The reality show made trump a star and America loves stars and red carpets and mass adoration.  Americans are conformists.  If they weren’t, they’d be embarrassed that a reality television star is the most likely of the narrowing list of candidates to become president.

Wait!  I was embarrassed when a B movie actor became president.  Actually, that just proved my point.  Americans are difficult to embarrass, perhaps, because they have perceptual problems.

Earlier this week, I wrote on a thread that because of his poor language skills, I would guess trump’s IQ is average, or, between 95 and 100,  Another poster wrote that, based on his SAT scores and knowing that he was accepted at Wharton, his IQ had to be 156.

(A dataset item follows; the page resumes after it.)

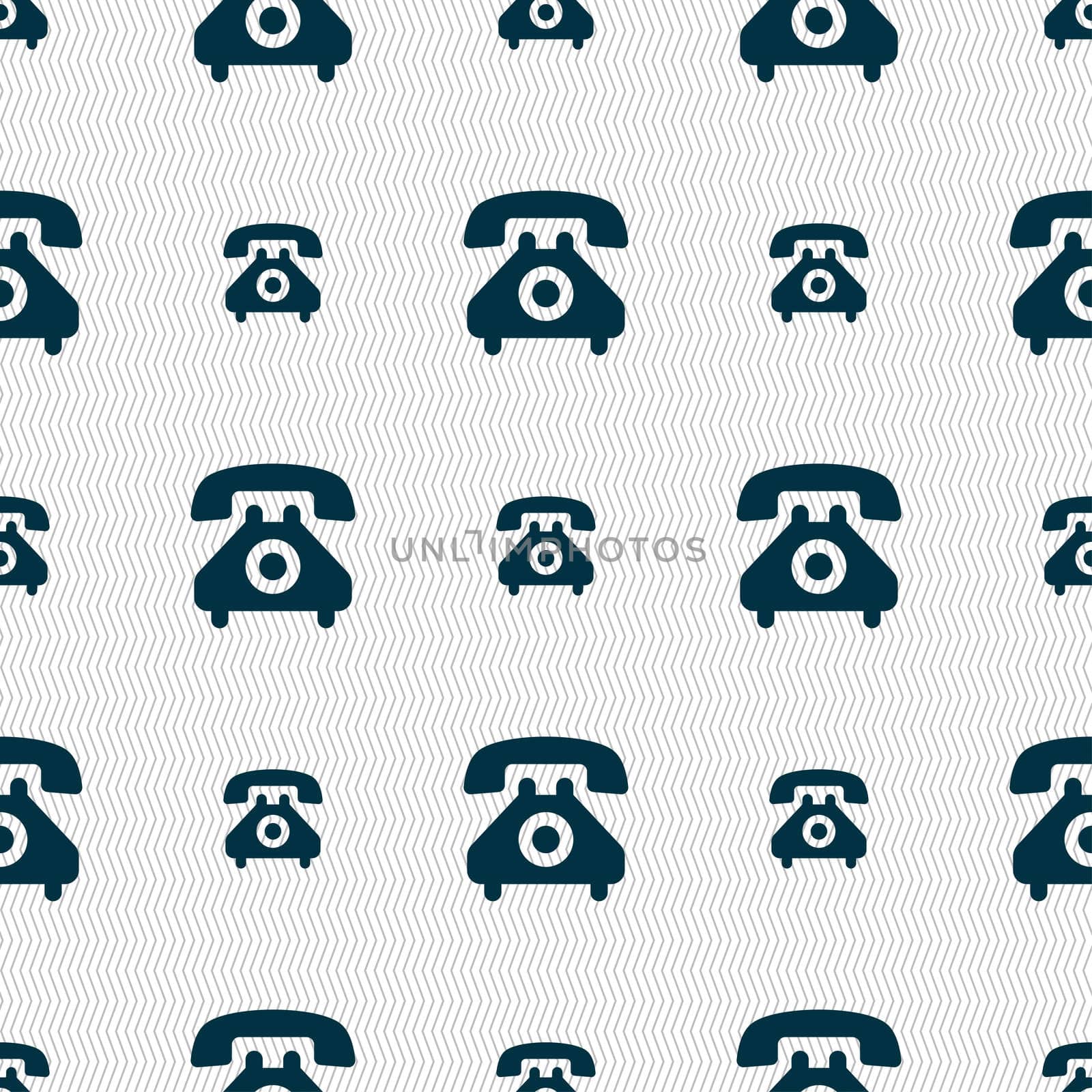 retro telephone handset icon sign. Seamless pattern with geometric texture. illustration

I asked the other person if he had seen trump’s SAT scores.He admitted he hadn’t then suggested I learn to read.  I decided to see if I could, even if it meant acting a bit like the birthers trump supported, discover trump’s IQ.  The poster plagiarized tje information from  Before It’s News, a blog site where one can learn the latest about UFO’s and Big Foot and Donald Trump.

The man behind the speculation calls himself various names, none of which are traceable because they’re pseudonyms.  He identifies as a former Navy officer and a therapist, a member of Mensa and of the Society of Professional Journalists.  If he is a therapist, his speculation on trump’s IQ is not just misguided but unethical.  If he is a member of the SPJ, his writing may violate its code of ethics, which is, perhaps, why he uses a nom d’email.

Then I found an article in from The Daily Pennsylvanian, the independent student paper of the University of Pennsylvania.  Dan Spinelli, while investigating trump’s academic career found that few people in his class knew him.  Perhaps, that was because trump had been a transfer student.  Spinelli quoted Gwenda Blair, a trump biographer and adjunct professor at the Columbia School of Journalism, who wrote trump was accepted as a favor.

Trump, the reality star, has begun to sound more like a character from a Dickens’ novel.